March 3-10 is National Sleep Awareness Week

Research indicates that 50 to 70 million Americans suffer from some form of a sleep disorder and billions of dollars are being spent to address this problem.

March 3-10 is the National Sleep Foundation’s annual “Sleep Awareness Week.” This campaign celebrates the benefits of sleep. Most of us understand the importance of getting a good night’s sleep, especially when we experience the after effects often associated with little or no sleep; fatigue, bad mood, lack of focus, etc. However, most people don’t know that there is research that reveals lack of sleep, on a regular basis, may have long term health consequences including serious chronic medical conditions such as diabetes, high blood pressure and heart disease.

The National Institute of Health reports that 50 to 70 million Americans suffer from chronic sleep disorders and intermittent sleep problems. A recent report from the Institute of Medicine estimates that “hundreds of billions of dollars are spent on direct medical costs related to sleep disorders such as doctor visits, hospital services, prescriptions and over the counter medications.”

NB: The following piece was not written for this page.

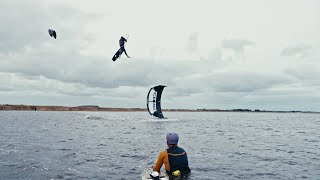 THE CORE KITES TESTIVAL CREW AT THE BOARDFLASH DENMARK KITE CAMP [upl. by Bardo]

Michigan State University Extension says that if you think you’re suffering from a sleep disorder, you may want to consider getting a medical sleep evaluation. The National Sleep Foundation provides the following questions to help determine if your sleep should be evaluated:

  • Do you regularly have difficulty getting to sleep or staying asleep?
  • Do people tell you that you snore? Has anyone ever told you that you have pauses in breathing or that you gasp for breath when you sleep?
  • Are your legs “active” at night? Do you experience tingling, creeping, itching, pulling, aching or other strange feelings in your legs while sitting or lying down that cause a strong urge to move, walk or kick your legs for relief?
  • Are you so tired when you wake up in the morning that you cannot function normally during the day?
  • Does sleepiness and fatigue persist for more than two to three weeks?

If you answered yes to any of the above questions, you should talk with your physician to determine next steps. Your doctor may ask you to track your sleep patterns and provide a list of medications you are taking before your visit.